The government must ensure that animal testing of cosmetics is banned for good
This is a subject of considerable public interest involving considerations of both human safety and of animal welfare.
The safety of chemicals used by humans is subject to regulations under REACH (Registration, Evaluation, Authorisation and Restriction of Chemicals regulations), which was introduced in the European Union in 2006 to harmonize rules relating to the safety of chemicals made and sold in Europe. REACH may involve animal testing, which in the United Kingdom is ultimately licenced under the Animal (Scientific Procedures) Act 1986 (ASPA). A court ruling this month has highlighted a nuanced but ambiguous situation with regard to the legal control of cosmetics testing on animals because of the overlap of REACH and ASPA.
From 1998, UK policy was that applications for licences under ASPA for animal testing of cosmetics or their ingredients, which are “wholly or primarily used in such products” would be refused. This policy continued and indeed helped stimulate progressive changes in EU legislation resulting in a ban on animal testing for cosmetics and their ingredients.
Is it not time to revert to the original policy from 1998?
However, questions were subsequently raised in the EU with regard to how the EU cosmetics regulations interacted with EU REACH regulations.
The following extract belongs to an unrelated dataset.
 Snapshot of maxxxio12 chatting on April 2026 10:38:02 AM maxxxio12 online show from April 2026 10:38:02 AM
An EU statement in 2014 allowed that testing on animals of substances which had various uses, including in cosmetics, could be permitted under REACH regulations in order to assess the risk to workers involved in the manufacture or production of such an ingredient. At that time, the UK policy was strongly against animal testing for any reason for cosmetics, but at the end of 2018 concerns were raised at EU level about the UK’s position and the UK changed its policy accordingly so that licences to carry out animal experimentation as required by REACH would be considered under ASPA and could in principle be granted. Since early 2019, such licences have occasionally been granted. This is ironic in that it was after the Brexit referendum and within months of us leaving the EU.
Given that the UK has now left the EU and is currently considering the revision of its retained REACH regulations to create suitable UK REACH regulations, is it not time to revert to the original policy from 1998?
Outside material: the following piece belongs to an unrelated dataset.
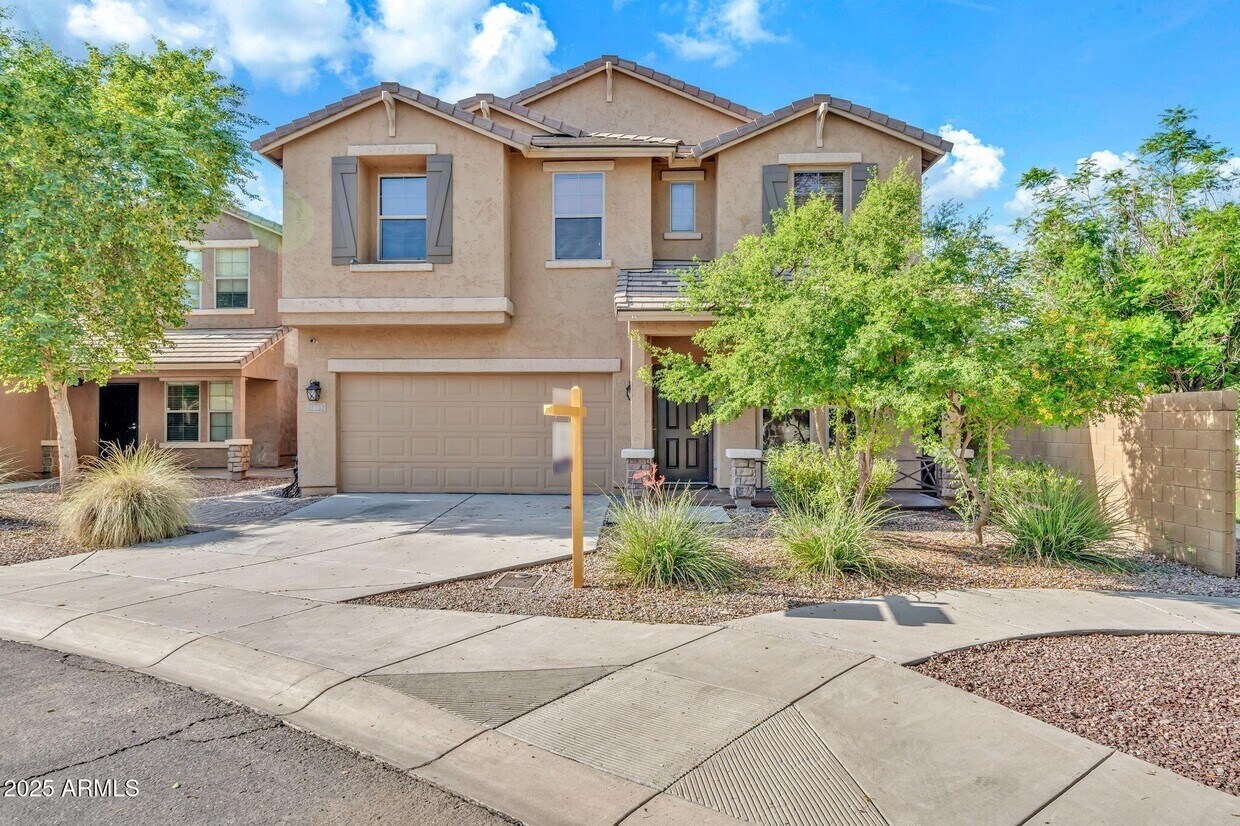Foto principal - 2115 W Le Marche Ave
Moreover, many cosmetics firms have voluntarily dispensed with animal testing. Indeed, Julia Fentem, the head of the Safety and Environmental Assurance Centre at Unilever, told the BBC that such tests under REACH are “unnecessary” and could be done without animal involvement.
Following the May 2023 court verdict, the Home Office released a statement saying: “It remains unlawful to test cosmetic products, or their ingredients, on animals to meet the regulations required to place them on the market. The marketing of cosmetic products or ingredients tested on animals is also banned.” This seems to be contradicted by their issue of licences since 2019, unless one is aware of the REACH exemptions.
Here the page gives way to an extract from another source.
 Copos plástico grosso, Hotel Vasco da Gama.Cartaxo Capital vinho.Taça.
This situation raises important questions. One of which being, is there any evidence that human health was harmed by the UK policy followed from 1998 up to 2019? If not, is it not time to recognise this fact? Secondly, the exemption under REACH regulations seems to specifically assign greater importance to the safety of those involved in the manufacture of certain substances than of those who use them. Conversely, if there are means of assessing safety for the consumer without animal testing, as increasing scientific evidence suggests, why can this not apply to those in manufacture – particularly when they can be specifically protected?
Certainly, it is time to carefully consider the issues of cosmetics and animal testing, and to unequivocally clarify and justify what is and is not permitted.